INPUT DATA —
────────────────────────────────────────
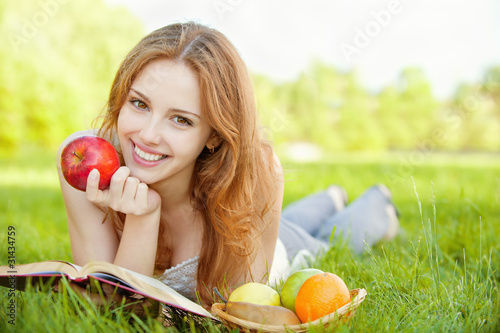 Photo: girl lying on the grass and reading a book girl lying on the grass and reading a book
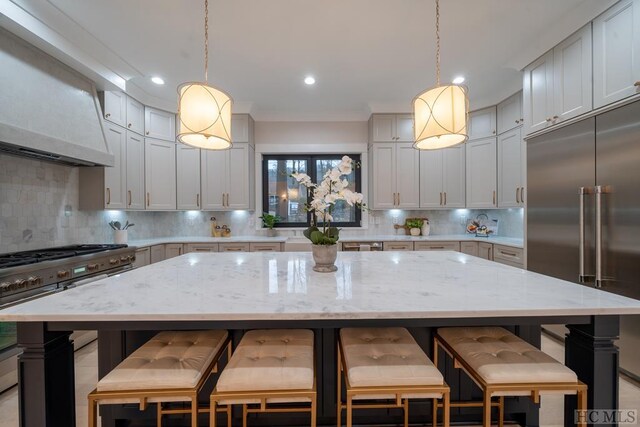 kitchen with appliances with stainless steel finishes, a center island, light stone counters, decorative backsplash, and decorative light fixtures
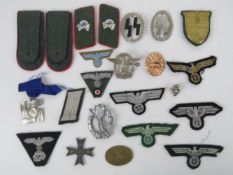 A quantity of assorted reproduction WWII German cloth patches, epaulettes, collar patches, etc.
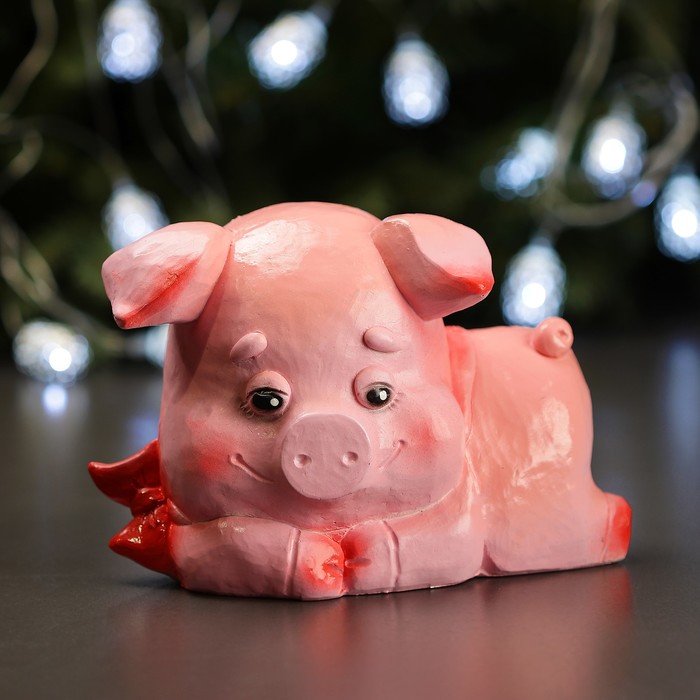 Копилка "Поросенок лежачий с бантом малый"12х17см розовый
────────────────────────────────────────
BRIEF — With the pictures removed, repeat the listing above exactly as it stands.

RESPONSE BELOW —
 Photo: girl lying on the grass and reading a book girl lying on the grass and reading a book
 kitchen with appliances with stainless steel finishes, a center island, light stone counters, decorative backsplash, and decorative light fixtures
 A quantity of assorted reproduction WWII German cloth patches, epaulettes, collar patches, etc.
 Копилка "Поросенок лежачий с бантом малый"12х17см розовый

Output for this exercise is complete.